Merujuk data yang dikeluarkan oleh Badan Pusat Statistika (BPS) pada tahun 2012 dijelaskan bahwa sebanyak 91,68 persen penduduk yang berusia 10 tahun ke atas lebih menyukai menonon televisi, dan hanya sekitar 17,66 persen yang menyukai membaca dari berbagai sumber seperti surat kabar, buku, majalah atau media baca lainnya. Di tahun yang sama pula, United Nations Educational Scientific and cultural Organization (UNESCO) atau organisasi pendidikan ilmiah dan kebudayaan PBB, menyatakan hanya 1 dari 1000 orang Indonesia yang memiliki minat membaca.
Sejalan dengan merosotnya minat baca, juga mengakibatkan buruknya motivasi menulis. Sebab sakaunya para pembaca dapat membuat imajinasinya semakin liar. Dan menulis adalah obat yang tepat untuk menyembuhkan hasrat berkarya lewat tulisan.

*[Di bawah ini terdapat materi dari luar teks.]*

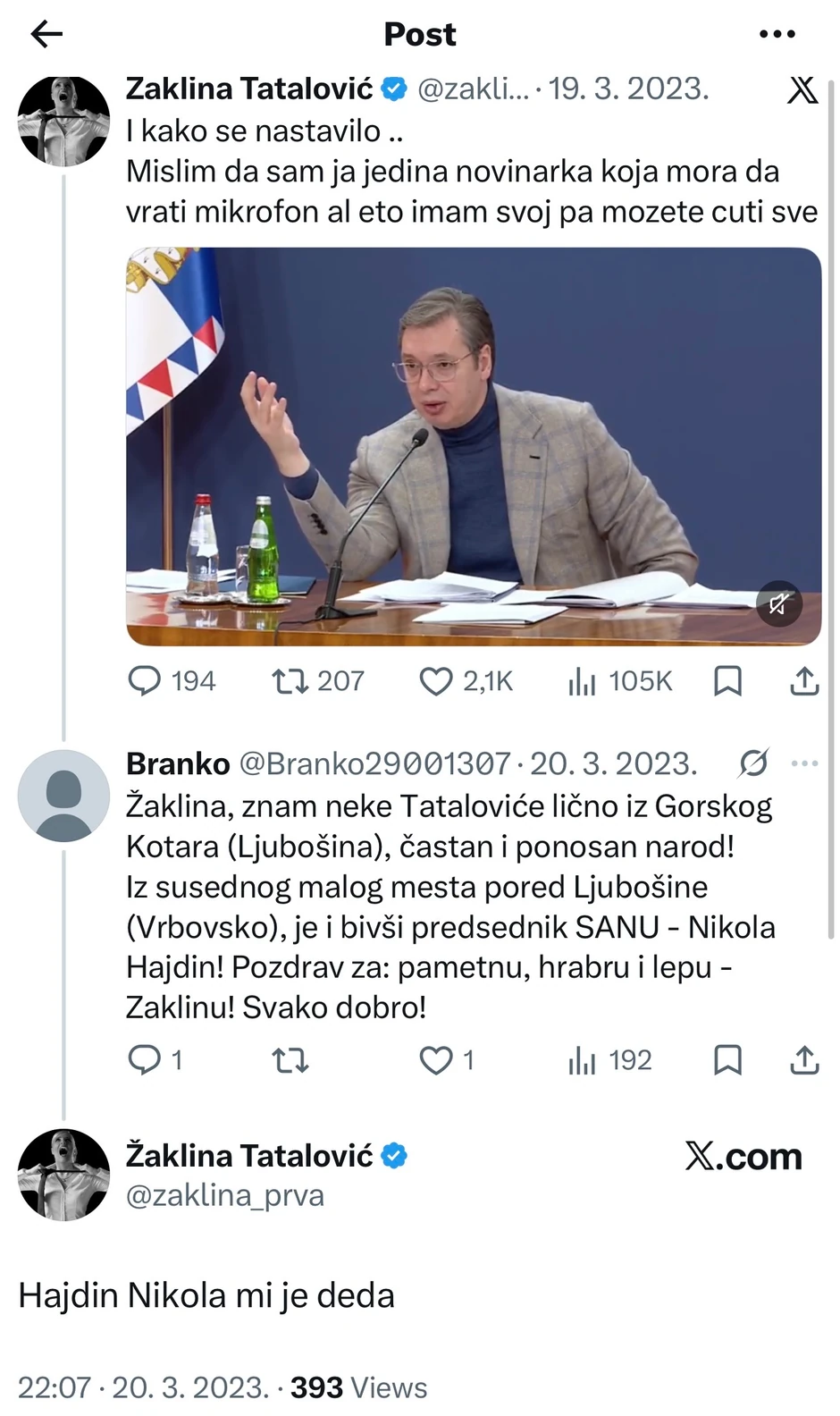 Žaklina Tatalović tvit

Mengikat ide-ide untuk kemudian dipahat dalam aksara. Akhirnya, tidak hanya mampu mencerahkan diri, tapi dapat mengubah kehidupan banyak orang. Membaca itu adalah kuliahnya seorang penulis. Dapat dibayangkan, seandainya satu generasi saja tidak ada yang sudi menulis, maka sejarah jelas akan terputus. Padahal membaca dan menulis adalah budaya luhur yang harus dipupuk subur, semata-mata jika ingin melihat negara ini makmur.

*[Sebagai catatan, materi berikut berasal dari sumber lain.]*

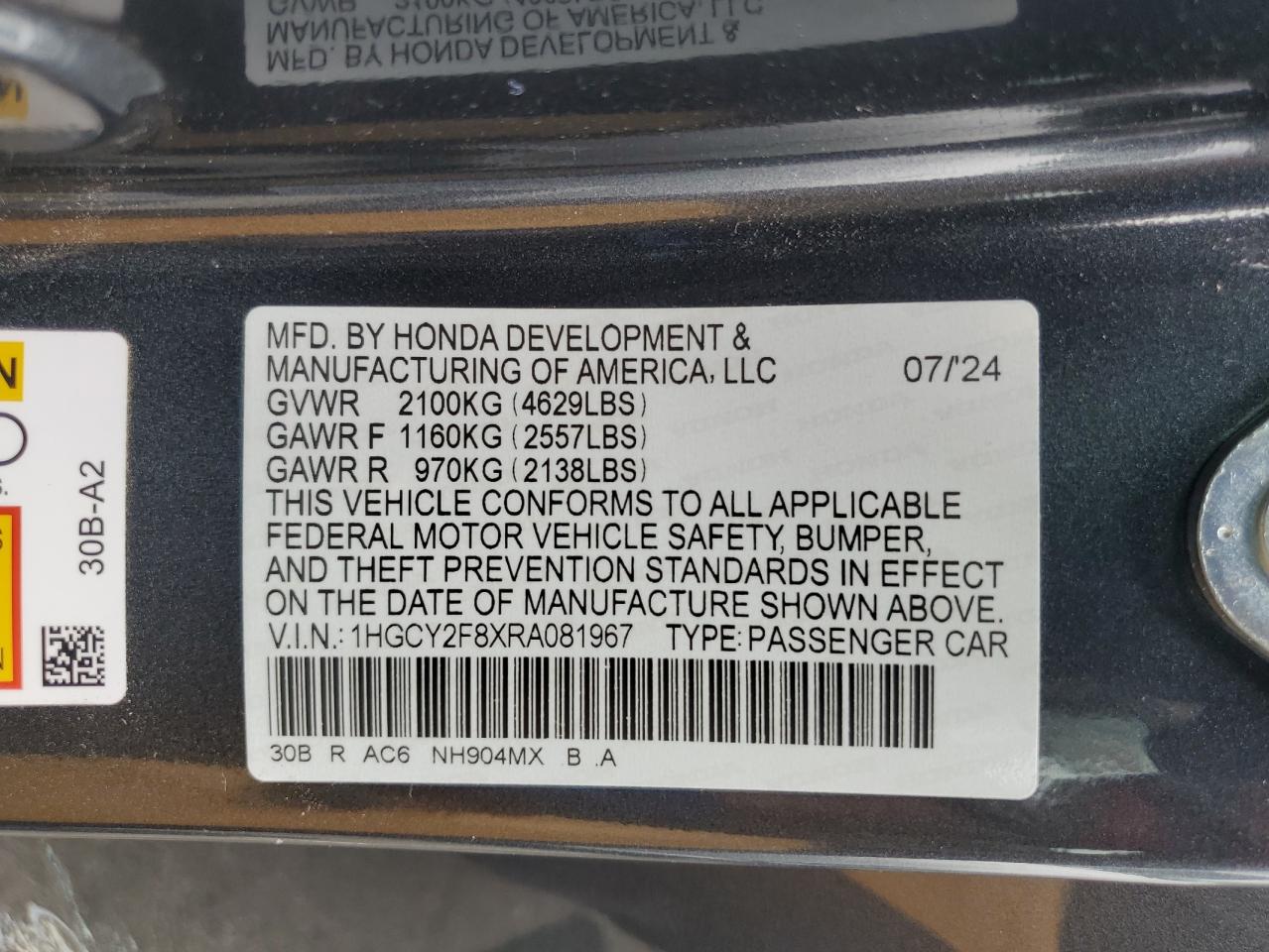 2024 Honda Accord Touring Hybrid VIN: 1HGCY2F8XRA081967 Lot: 85729335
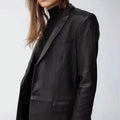 Recycled Vegan Leather One Button Blazer Jacket U44738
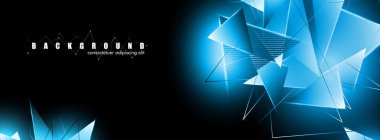 çakışan parlayan mavi üçgenler ile soyut arka plan. izole siyah arka plan. eps 10 vektör illüstrasyon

Boleh berkaca dari sebuah negara dengan pendidikan nomor satu di dunia. Finlandia, bahkan begitu sangat khawatir dengan generasinya, sejak masih dalam kandungan, para ibu-ibu hamil telah diwajibkan dan difasilitasi buku-buku yang patut dibaca. Jerman mewajibkan siswanya sebelum lulus untuk dapat menamatkan membaca 22-23 buku. Negara Malaysia dan singapura juga menetapkan aturan bagi siswa yang ingin lulus harus membaca enam buah buku terlebih dahulu. Bahkan jepang dan amerika dengan minat bacanya yang sangat tinggi. Sisa koran dan majalah bisa dijumpai di seluruh tempat-tempat umum, semisal terminal atau bahkan di kursi-kursi sebuah bus kota, yang kemudian dibaca lagi oleh orang-orang yang menemukannya. Jadi tidak heran negara mereka bisa maju, informasi terus update. Bahkan penelitian-penelitian mencengangkan terbit di jurnal-jurnal internasional hingga melahirkan produk industri yang laris dipasar dunia.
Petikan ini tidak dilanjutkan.